Grab Your Next Big Promotion—Because No One Will Just Hand it To You (Pt 2)

Grab Your Next Big PromotionLast month, we outlined your overall strategy for grabbing the big promotion you desire.

In short—to get promoted, you need to convince your organization’s relevant decision makers you’re worth taking a risk on. You reduce their risk by meeting your desired position’s objective and subjective requirements before you ask for the job.

Start this process by meeting your desired position’s objective requirements. These are the table stakes for receiving consideration for your desired position. Meet them, and you show your organization’s relevant decision makers that when they place you into the position you desire, that position’s day-to-day operations will proceed without any major disruptions.

To Get Promoted, First Reduce the Risk of Promoting You

Large organizations love these sorts of seamless transitions.
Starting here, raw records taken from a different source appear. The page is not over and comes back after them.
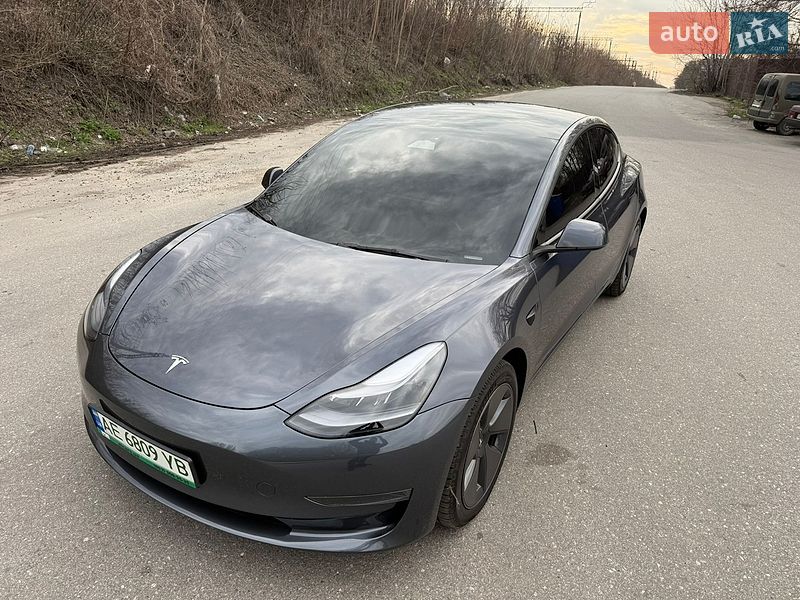 Седан Tesla Model 3 2023 в Дніпрі фото Седан Tesla Model 3 2023 в Дніпрі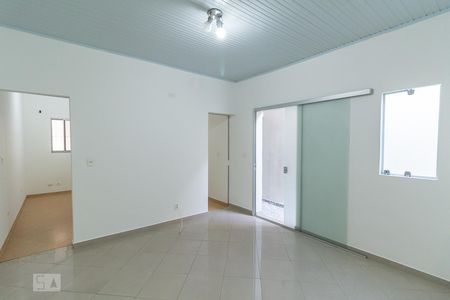 Sala de casa para alugar com 3 quartos, 110m² em Jardim Oriental, São Paulo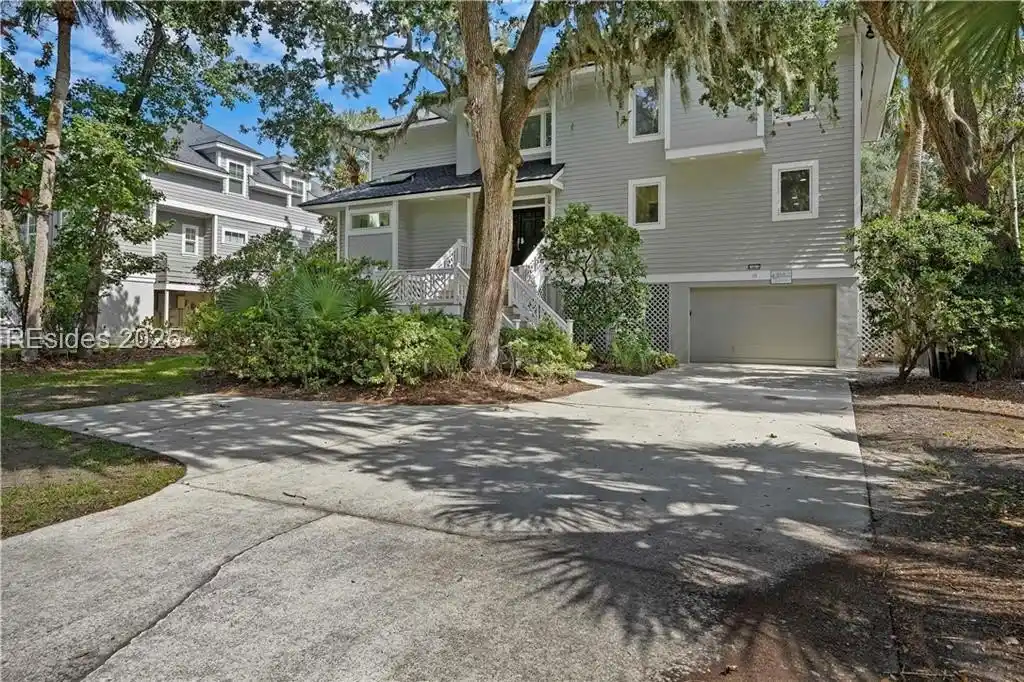 Lovely Fourth Row Beach Home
Even small disruptions in your desired position’s operations can send shockwaves into other functions and cause real problems for the organization as a whole. Your organization’s relevant decision makers want to minimize these potential problems. When they see that you can “Do the job before you get the job” they feel secure you won’t create any operational disruptions.

But, unfortunately, not all disruptions come from operational issues.

The Biggest Blow Ups Come From Poor Professional Relationships

Interpersonal friction is just as likely to create disruptions within your desired position as operational incompetence. If you don’t get along professionally with all the other people your desired position interacts with, then it doesn’t matter how well you can handle the nuts-and-bolts of the role’s responsibilities. There will be problems, they will be your fault, and they will blow back on the people who took the risk of promoting you in the first place.

Before these relevant decision makers feel confident giving you the promotion you desire, they need to feel—in their guts—that you can smoothly navigate the web of relationships your position sits within.

Navigating Professional Relationships isn’t About Being Liked

Now, don’t worry if you aren’t “Mr. Charisma”. You aren’t doomed to remain in your current position if you aren’t likeable in the traditional sense of the word. You don’t need to “get along” with your colleagues in a social way. No one was ever denied a promotion because they weren’t invited to enough happy hours.

When deciding if you can smoothly navigate your desired position’s web of relationships, your organization’s relevant decision makers only care if you can establish, grow and maintain the professional side of these relationships. Your business-oriented interactions are where problems might occur, and where interactions need to be smooth. Your function won’t suffer through a big work-impacting blow-up if you aren’t asked to join the team’s basketball league, but disruptions will certainly occur if you don’t share the same professional values as the people you work with. You will repeatedly clash over what needs to be done, how it needs to be done, and how the function should be run.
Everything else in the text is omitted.